#### [YOUR OBJECTIVE]
Leaving out the pictures, restate each record below word for word.

#### [SOURCE DATA]
BEGIN

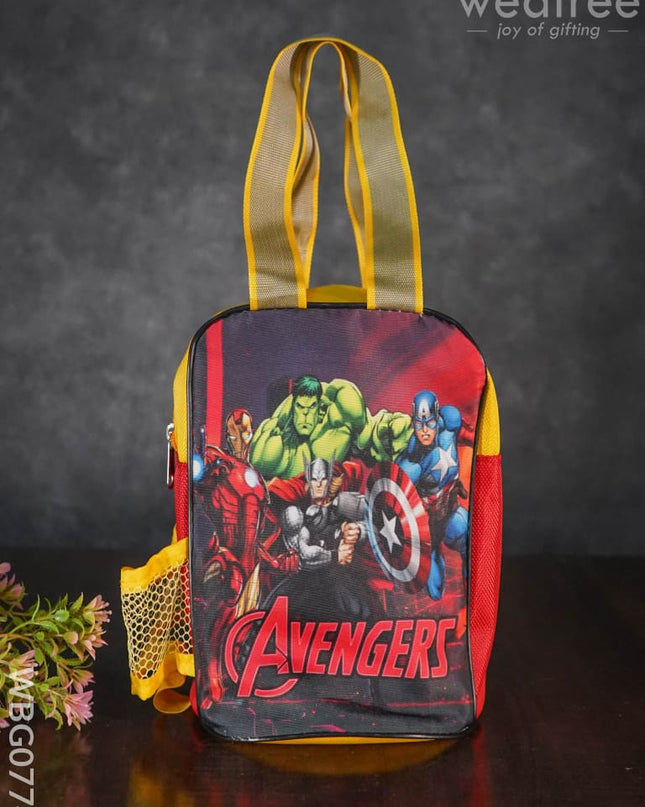 Kids Lunch Bag - Avengers Wbg0774 Return Gifts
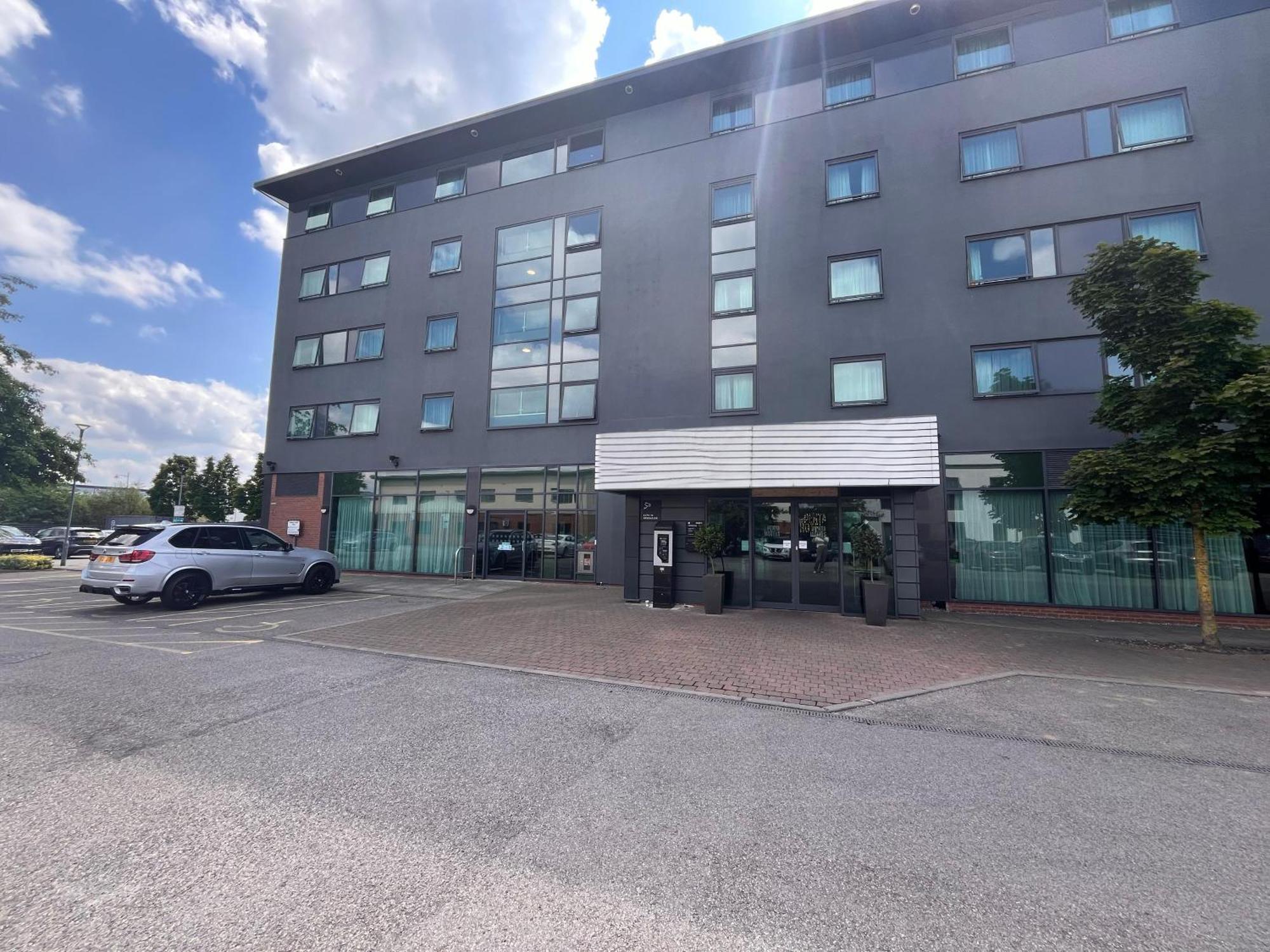 pentahotel Derby Eksteriør bilde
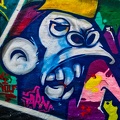 Graffiti: Affengesicht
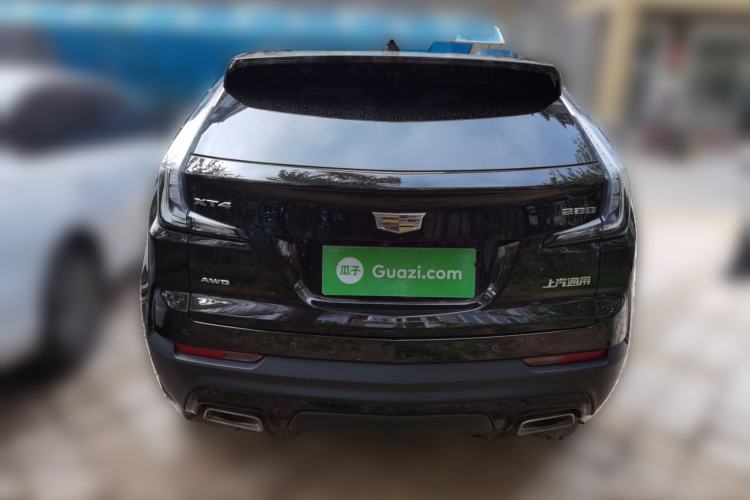Used Cadillac XT4 2022 28T Four-Wheel Drive Platinum Edition Rear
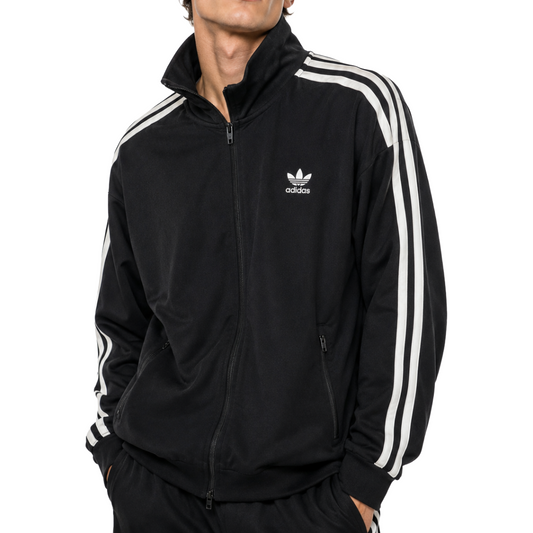 adidas アディダス ジャージ トラックジャケット ブラック L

END

#### [RESPONSE TO THIS TASK]
 Kids Lunch Bag - Avengers Wbg0774 Return Gifts
 pentahotel Derby Eksteriør bilde
 Graffiti: Affengesicht
Used Cadillac XT4 2022 28T Four-Wheel Drive Platinum Edition Rear
 adidas アディダス ジャージ トラックジャケット ブラック L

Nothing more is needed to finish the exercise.